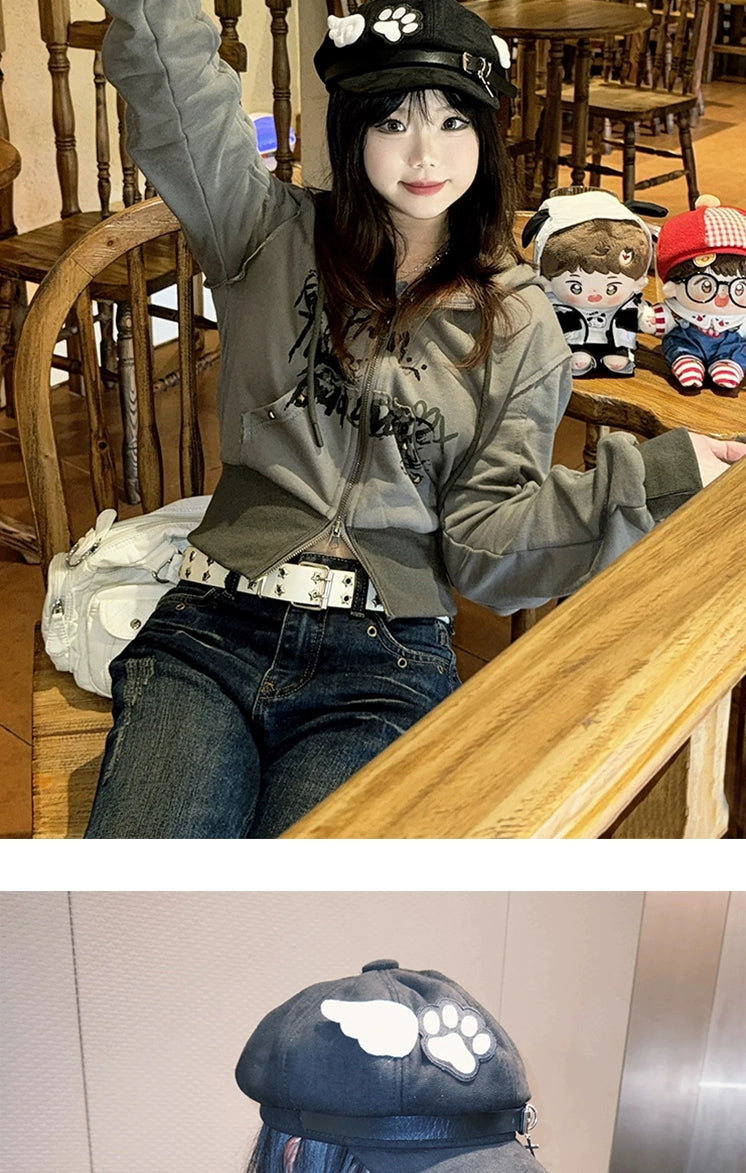 Y2g Punk Subculture Niche Design Painter Cap Children's Autumn and Winter Sweet All-Match Make Your Face Look Smaller Beret Fashion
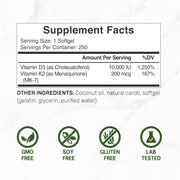 Deal Supplement Vitamin D3+K2 With Coconut Oil 10000 IU Vitamin D3 200mcg Vitamin K2 250 Softgels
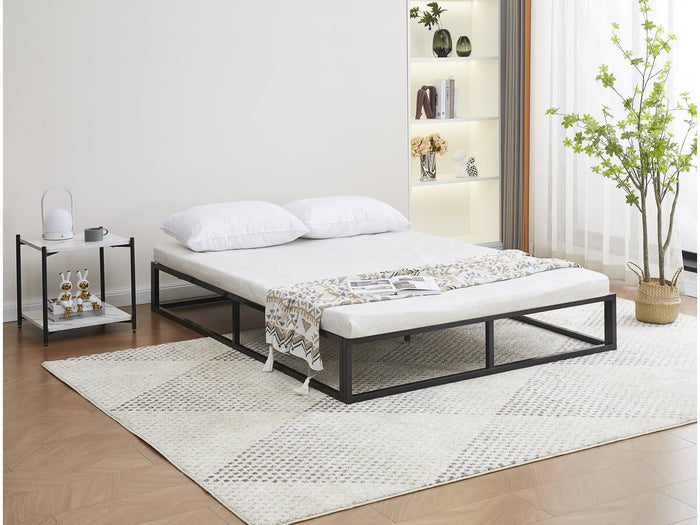 Habitat et Jardin Struttura Letto 140x190 cm Metallo Nero Moderno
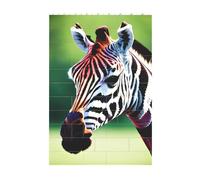 3D Art Brick Block Puzzle DIY Creative Building Blocks Fun Desk Decor Jigsaw Zebra and Giraffe Print 37 Pcs
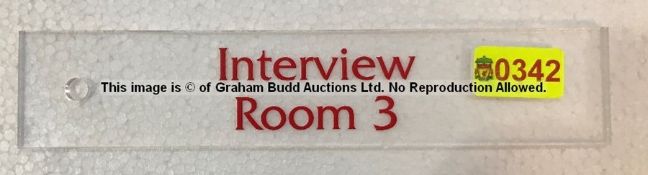 Clear acrylic INTERVIEW ROOM 3 door sign from Liverpool Football Club's Melwood Training Ground,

════════════════════

Brief: Write out again exactly the lines from the start of the data above through the line containing "Habitat et Jardin", inclusive, excluding any pictures.

The completed task:
 Y2g Punk Subculture Niche Design Painter Cap Children's Autumn and Winter Sweet All-Match Make Your Face Look Smaller Beret Fashion
 Deal Supplement Vitamin D3+K2 With Coconut Oil 10000 IU Vitamin D3 200mcg Vitamin K2 250 Softgels
 Habitat et Jardin Struttura Letto 140x190 cm Metallo Nero Moderno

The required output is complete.